Does ‘Overfunding’ Life Insurance Policies Beat Buying Stocks?

overfunding life insurance

Purchasing a life insurance policy is a great way for a head of household to ensure loved ones will be financially secure after death. However, some people have found ways to use insurance policies as an investment as well.

While investing in life insurance is perfectly normal, some policyholders are taking part in a practice known as overfunding to build greater wealth, even if it takes some money away from their beneficiaries upon death. Is this investment idea truly beneficial?

What Does Overfunding Life Insurance Mean?

Life insurance has long been considered an investment tool for some policyholders. While term life insurance policies typically don’t offer investment options because they are strictly used as a way to provide a set payout for beneficiaries at the time of a policyholder’s death, most permanent life insurance policies offer the option of setting aside some of the premium payments in investment funds to be withdrawn or used in other manners before death.

There are other benefits to purchasing permanent life insurance policies. Unlike term policies, they never lapse as long as you keep up with your payments. However, one of the biggest benefits for some policyholders is the ability to overfund their policies.
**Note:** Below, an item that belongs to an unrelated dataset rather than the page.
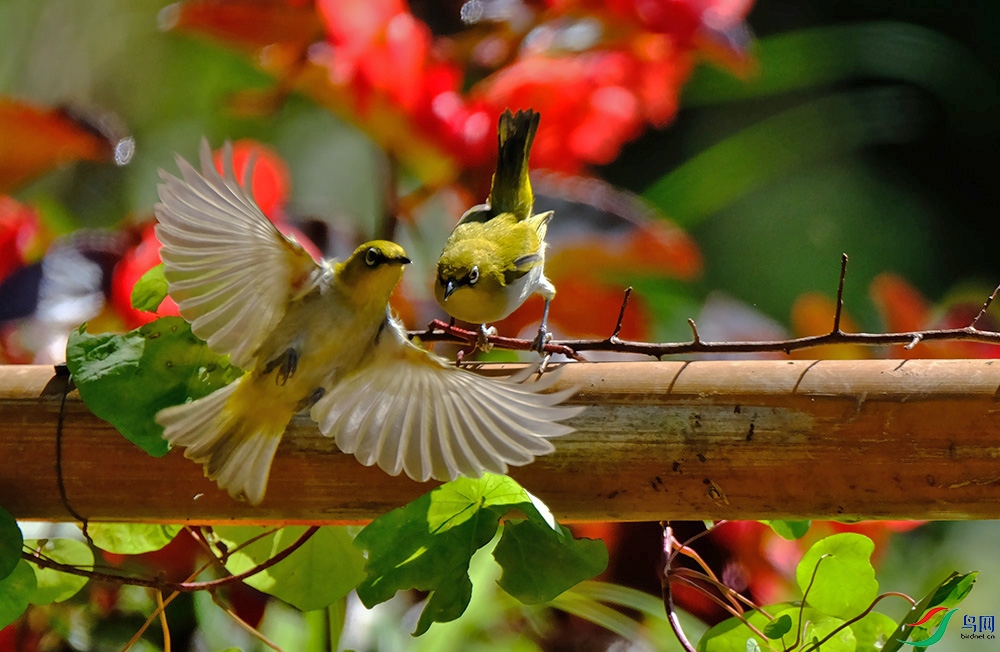 DSCF9166.1.jpg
What exactly does it mean to overfund a life insurance policy? It could mean anything from increasing annual premium payments to making a lump sum in order to earn greater returns on policy investments down the road.

Suppose at 30 years old, you purchase a $500,000 permanent life policy; in this case, whole life insurance. Let’s say your premium for this policy is about $6,000 per year. In a typical cash-value life insurance policy, your company will place a portion of your yearly payment into index mutual funds and other investments that will grow returns over time.

If you choose to surrender your policy before death, the excess premium and earnings are returned to you. It’s for this reason that some are choosing to overfund their accounts. By adding $10,000 or more additional per year to their premiums, they’re hoping to surrender the policy and earn greater returns in the long run.

Is Investing in Life Insurance Better than Traditional Investing?

For individuals who have considered overfunding life insurance policies instead of using the traditional investing vehicles, it’s good to take a closer look at how both might impact your bottom line.

First, let’s explore some pros and cons of overfunding a policy:

  • Pros–Forced Savings and Tax-Deferment: One benefit of overfunding your life insurance policy includes receiving forced savings, meaning your investment vehicle by its very nature requires you to save money. Another benefit is tax deferment, which means you don’t have to pay taxes on the investments within your policy year-over-year as long as you don’t withdraw the money.
  • Con–Costly with No Guarantees: Many people who choose to overfund a life insurance policy hope to use some or all of their cash value to pay premiums down the line or withdraw it in a lump sum. This option is costly due to the higher price of the policy itself, the extra money you’re investing and the higher investment fees. Also, there are no guarantees the policyholder won’t die before cashing out the money. If this happens, the beneficiary will only receive the originally intended payout.

Now assume you take the same $6,000 plus addition $10,000 per year that would have been used to overfund the policy and instead invest it Treasury Bonds. In 2010, the annual return on T-Bonds was around 8 percent. Let’s say you earned this average yearly from age 30 to 60. In 30 years, you would have earned over $518,000–more than the entire value of your policy–with more years to earn if you keep on trucking.

Also, it’s good to keep in mind that when you add funds to your life insurance policy, it is not a pure investment. Some goes toward the cost of insurance protection itself, as well as marketing and sales commissions and investment fees.

It’s for this reason that some say overfunding is not for everyone. It’s usually better suited for people who are looking for investments that will last at least 15 to 20 years and have substantial wealth–usually in the ballpark of $5 million or more–and are not looking at this one option as their meal ticket. In other words, it’s best to try this only if you can afford to lose your cash out by dying before claiming it.

For everyone else, the safer and more financially rewarding route is setting up a diversified portfolio that includes mutual funds, bonds, stocks and more.

Unless you have millions to work with, it’s a good idea to allow your life insurance policy to function as a tool for financial security for your family. And if you want to build your retirement and investment savings, talk to a financial advisor about how you can earn amazing returns the traditional way.